Requirement ->
The listing below holds a line with "川島海荷、実年齢に驚きの声「" and a later line with "Samostojeća kuća južna". Write out those two lines and every line between them, exactly, and nothing else.

Data listing ->

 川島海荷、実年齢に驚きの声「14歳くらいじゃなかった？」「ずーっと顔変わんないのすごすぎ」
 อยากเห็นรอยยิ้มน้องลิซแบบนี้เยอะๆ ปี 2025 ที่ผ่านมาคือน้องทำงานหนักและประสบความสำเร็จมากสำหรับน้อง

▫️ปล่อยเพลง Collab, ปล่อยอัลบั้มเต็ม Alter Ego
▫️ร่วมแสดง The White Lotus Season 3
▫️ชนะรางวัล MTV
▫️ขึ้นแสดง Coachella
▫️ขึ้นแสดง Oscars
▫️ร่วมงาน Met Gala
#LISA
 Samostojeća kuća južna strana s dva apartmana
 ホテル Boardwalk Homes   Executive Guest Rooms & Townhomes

* * *

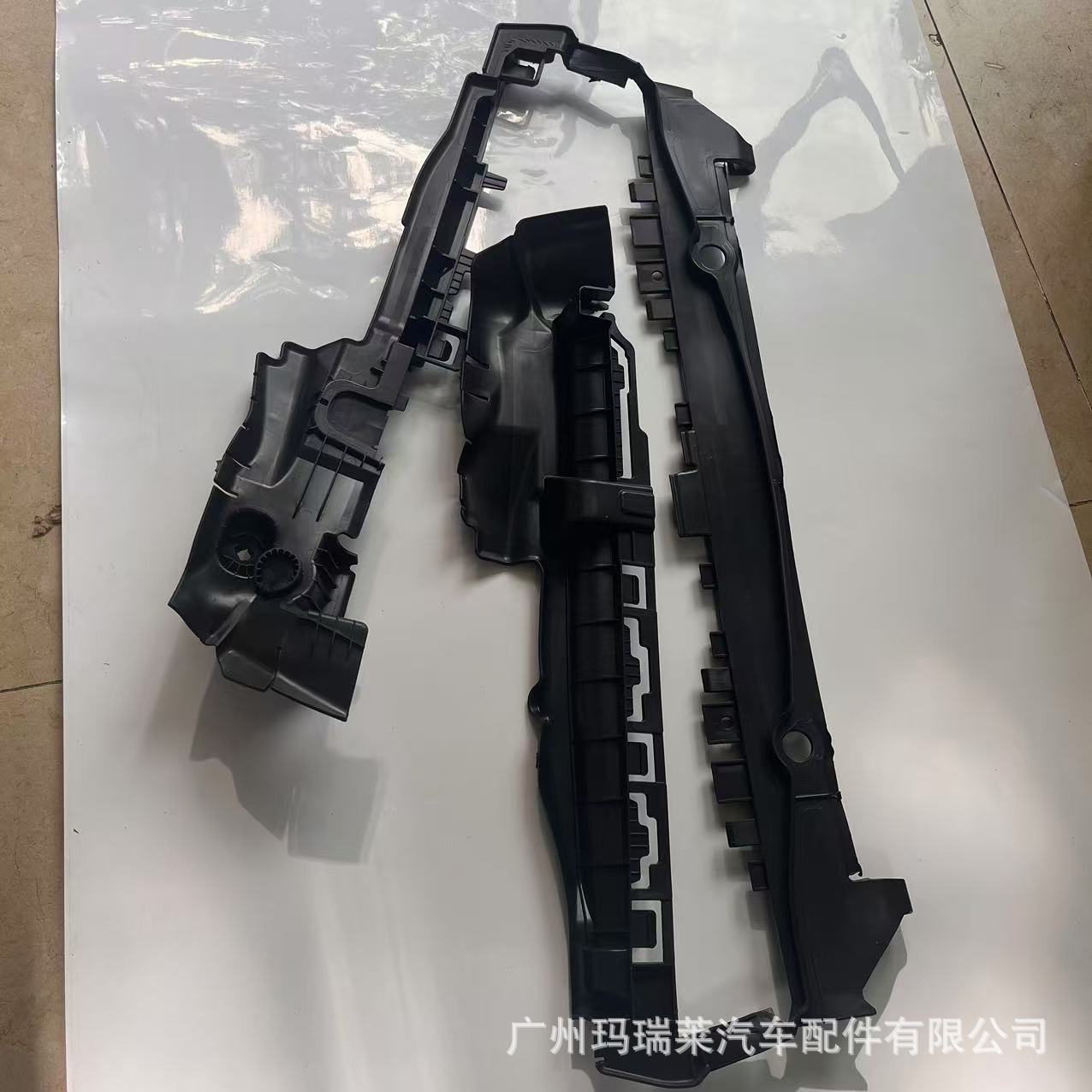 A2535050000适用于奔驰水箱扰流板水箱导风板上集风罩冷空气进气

...

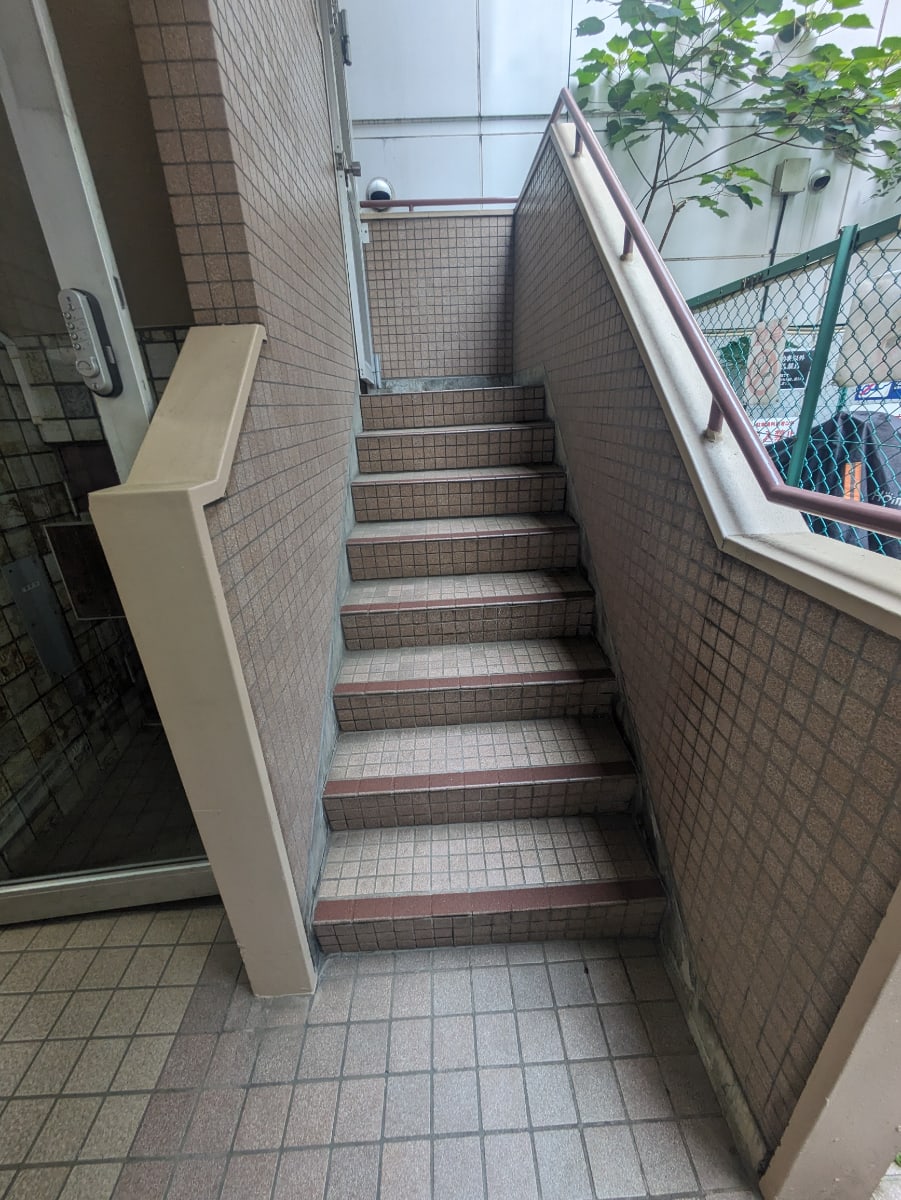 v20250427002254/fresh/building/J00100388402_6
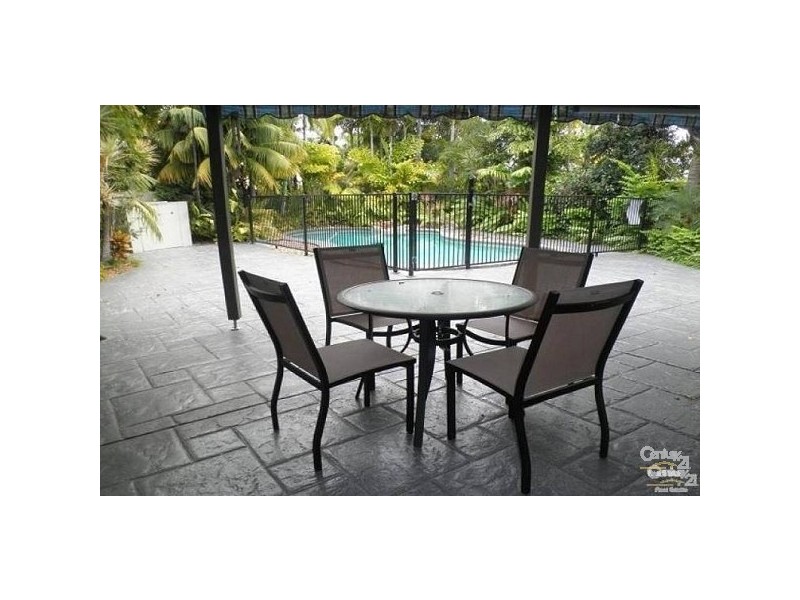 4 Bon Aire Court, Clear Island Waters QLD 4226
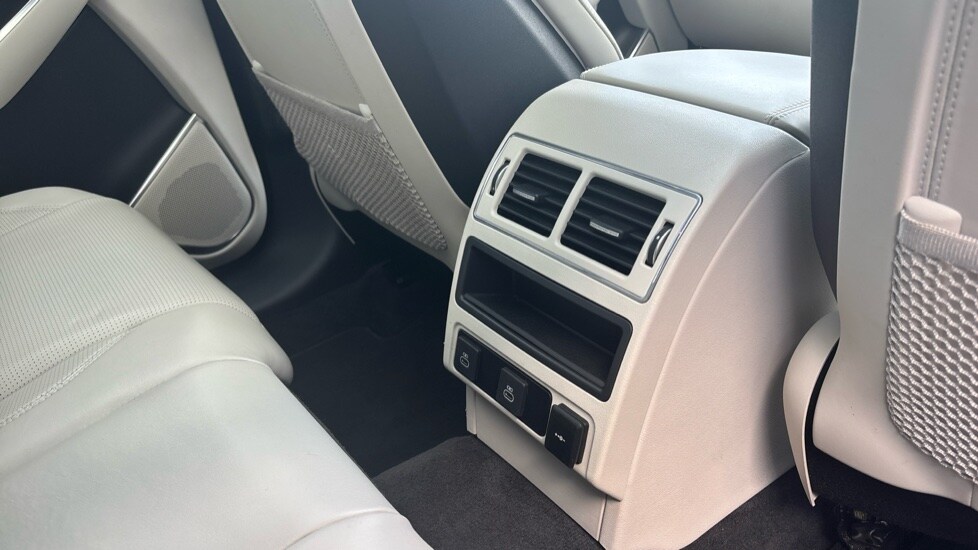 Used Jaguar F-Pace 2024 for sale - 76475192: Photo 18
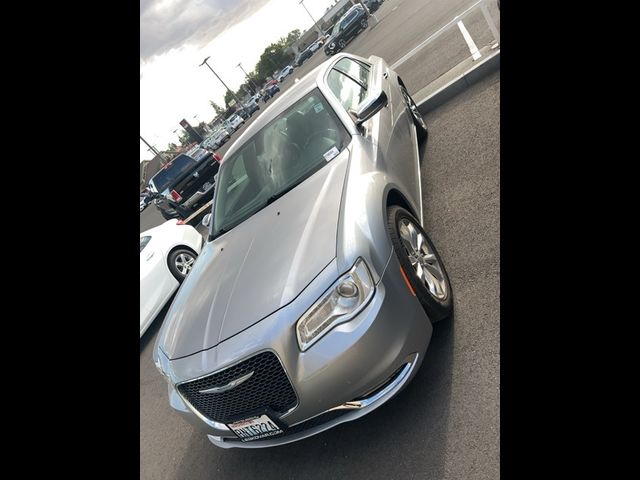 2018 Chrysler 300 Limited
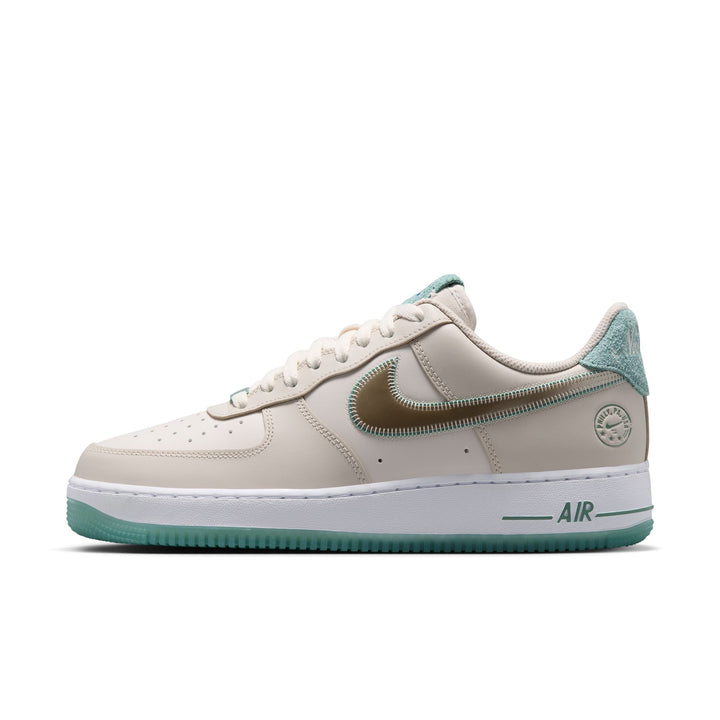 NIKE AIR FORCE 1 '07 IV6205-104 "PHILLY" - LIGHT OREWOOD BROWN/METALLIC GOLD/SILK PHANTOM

Answer box ->
 川島海荷、実年齢に驚きの声「14歳くらいじゃなかった？」「ずーっと顔変わんないのすごすぎ」
 อยากเห็นรอยยิ้มน้องลิซแบบนี้เยอะๆ ปี 2025 ที่ผ่านมาคือน้องทำงานหนักและประสบความสำเร็จมากสำหรับน้อง

▫️ปล่อยเพลง Collab, ปล่อยอัลบั้มเต็ม Alter Ego
▫️ร่วมแสดง The White Lotus Season 3
▫️ชนะรางวัล MTV
▫️ขึ้นแสดง Coachella
▫️ขึ้นแสดง Oscars
▫️ร่วมงาน Met Gala
#LISA
 Samostojeća kuća južna strana s dva apartmana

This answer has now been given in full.